Basongora pastoralists under their organisation, Busunga Cattle Keepers Association, have rejected a government survey report about a contested piece of land that has pitted the community against the Uganda Wildlife Authority (UWA).
The Basongora, who own land in Busunga village in Kasese district accuse UWA officials from the Queen Elizabeth National Park of erecting boundary pillars on their community land.
UWA, on the other hand, contends that the community grabbed a piece of land from the Queen Elizabeth national park.
According to Ibrahim Magemeso, a surveyor in the Ministry of Lands, the survey found that the park intruded onto community land 100 meters from the main road, while the community encroached on park land 300 meters from River Nyamugasani.
However, the Basongora community members in attendance rejected the report’s findings and accused the UWA officials of witch hunt and suppression.
Boaza Kafuda, a former MP for Busongora County South remarked that a consensus had in the past been reached after discussions involving the minister and other stakeholders, that the status quo should remain since the community had taken some of UWA’s land and UWA had done the same to theirs.
“The intention was to arrive at a win-win situation for all involved. Now this is going to take us back to square one.
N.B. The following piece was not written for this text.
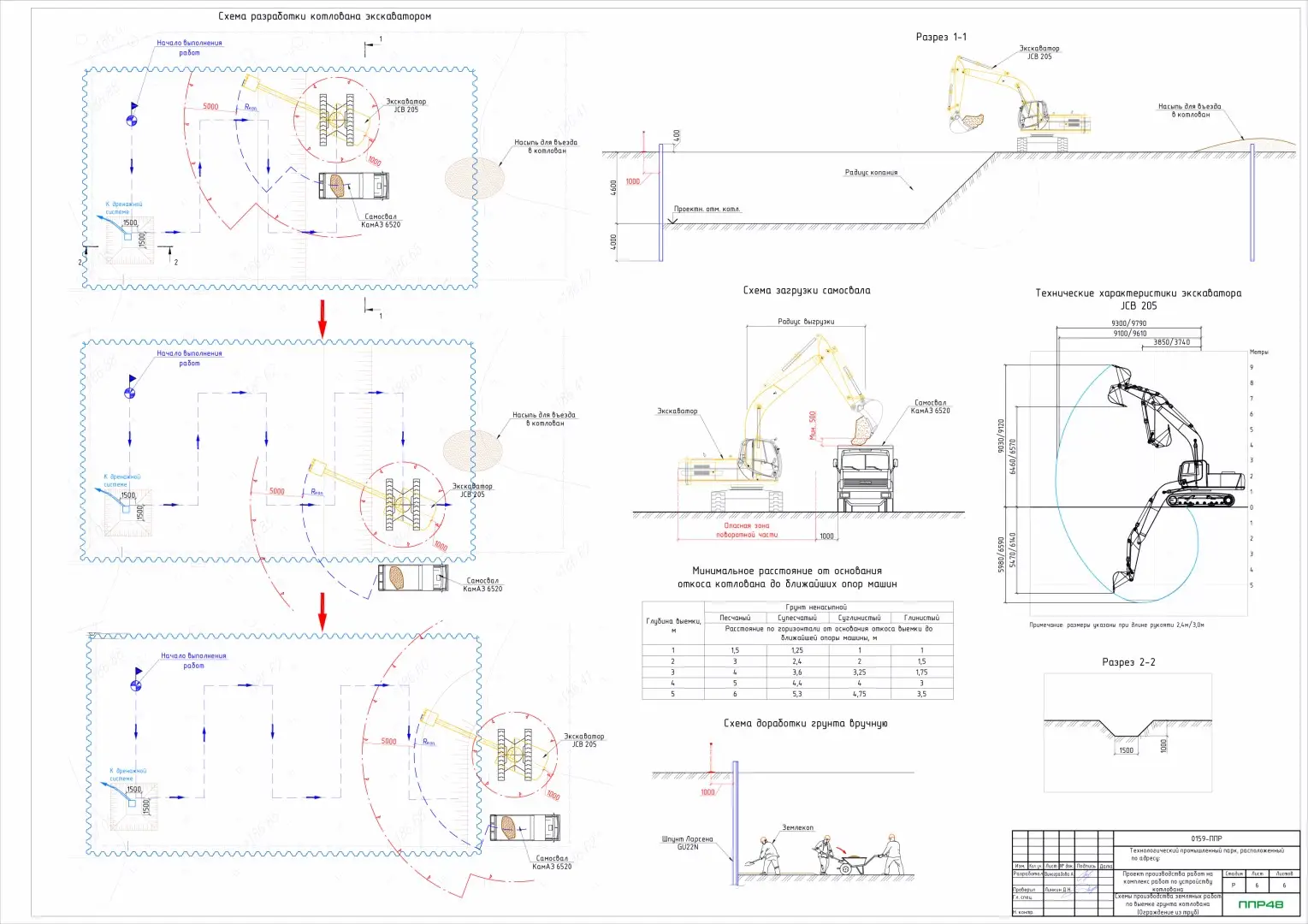 Пример разработки проекта от ППР48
We want this land issue to be resolved once and for all,” he said.
James Kanamura, a pastoralist, revealed that the community has a history of fights with Kasese district and UWA, starting way back in 1998- three years after they acquired the land title over the same land.
“We got a land title of 803 hectares in 1995 under our group, the Busunga Cattle Keepers’ Association. In 2001, UWA came in and put up boundary pillars that have kept changing time after time,” he said, adding, “When we wanted to process a freehold title in 2010, we were told that the land in question belongs to UWA.”
John Makombo , the Director Conservation, UWA, who led the UWA team told this reporter that the community alleged that the surveyor had been compromised by government,
“We have agreed that they [pastoralists] should identify their own independent surveyor, and government also looks for one so that the boundaries are re-opened as per their original marks of 1952. This process should take place between today and mid August,”he said.
However, Kasese RDC, Lt. Joe Walusimbi, who chaired the meeting appealed to the community to agree to accept the outcome of the proposed boundary re-opening exercise.
“We shall first make a covenant with you and your surveyor that whatever comes out of the exercise will be accepted by you people. We do not want to waste time by repeating this process,” he said.
The proposed boundary opening comes at a time when UWA wanted to erect an electric fence around the park as a way to check wildlife-human conflicts, in line with a presidential directive on the same .
Last month UWA re-opened the boundaries of a contested area in Lake Katwe –Kabatooro Town Council where some blocks of Katwe secondary school, as well as some roads in the town council, were found to be in the National Park.
In 2007 the Government allocated land to Basongora pastoralists who had camped in Queen Elizabeth National Park after being evicted from Virunga National Park in Congo, but todate disputes between the pastoralists and cultivators continue to rage.
Furida Sibiyano, a resident of Busunga asked government to provide an alternative for members of the Basongora community in the area since they have nowhere else to go.
“I was born here, married here and my children have grown up on this land. I have nowhere to go if I am sent away,” Sibiyano said.